We like to think the Internet made working from home possible, but people have always worked AT home. I ran across these old photos as I was scanning a tray of old slides from 1974. Today, of course, most of the things you see here have been replaced.
The typewriter has been replaced by the word processor. The desk calendar has moved to my phone. The gray container is a humidor that held a set of technical drafting pens. Drafting moved to Computer Aided Design. Even the pencils play a much smaller role today. None of the classrooms where I teach have pencil sharpeners. I seldom use pencils outside of my workshop.

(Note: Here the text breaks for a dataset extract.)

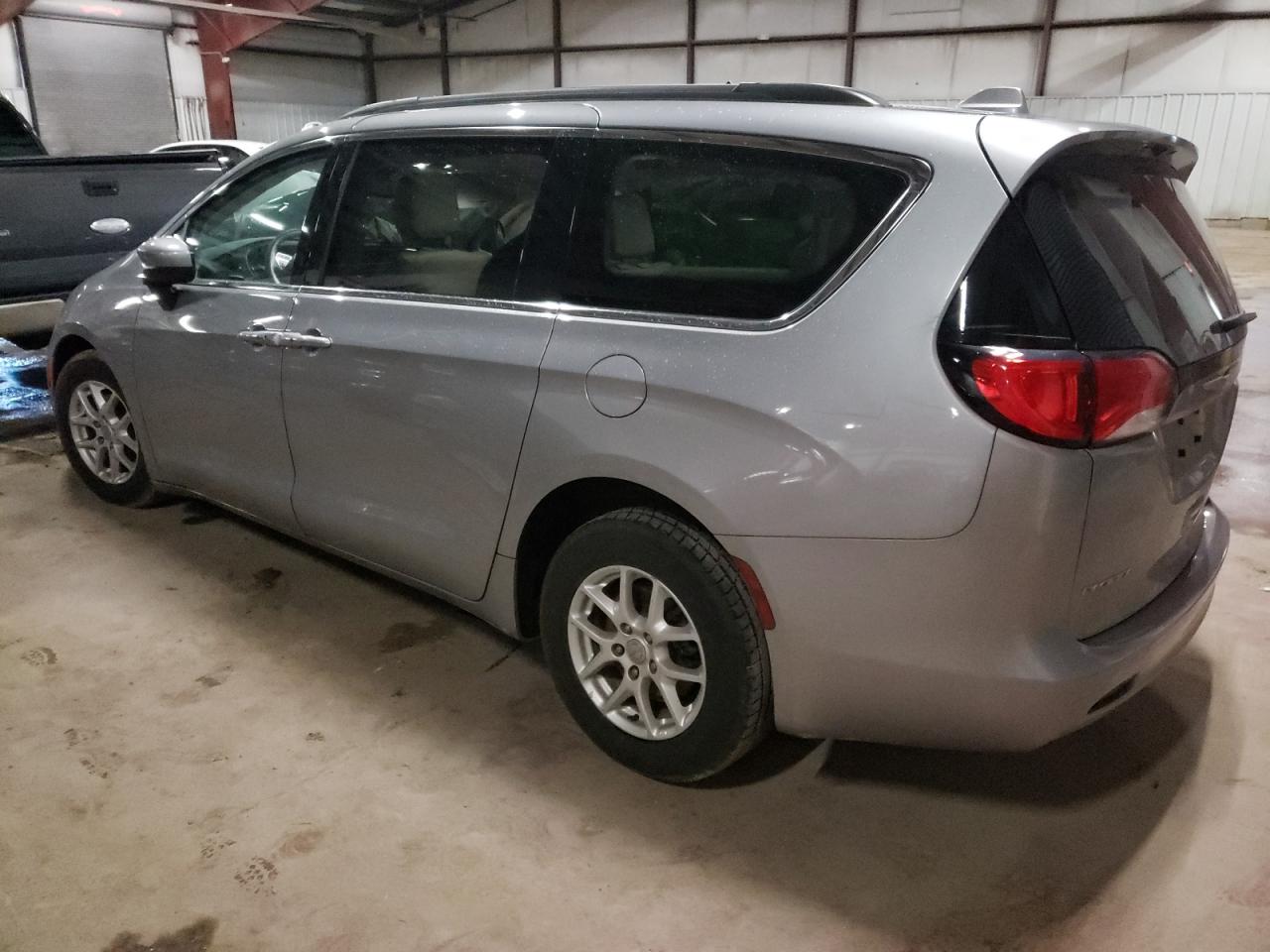 Photo 3 from auction – 2017 CHRYSLER PACIFICA T with VIN 2C4RC1DG3HR553383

There is an HP-45 calculator setting atop the book. It's just out of the frame to the right. It was the closest thing to a computer at the time. The first computer kit (The Altair) would be introduced the following year and "Personal Computers" wouldn't really become useful for for another decade. The Internet wouldn't be generally available until several years after that.
Lightroom and Photoshop have replaced the darkroom you see in photo to the left. (The enlarger is covered to protect it from dust.)
My only phone was wired to the wall in the kitchen. I hadn't yet had an extension phone installed in the office. Cell phones wouldn't be around for several years.
Things have certainly changed. The Technical pens, calculator, typewriter and darkroom equipment cost about $10,000 in today's dollars. Now, I could do the work of all of these tools on a relatively inexpensive laptop computer. If I tried hard enough I could do most of the work on my phone.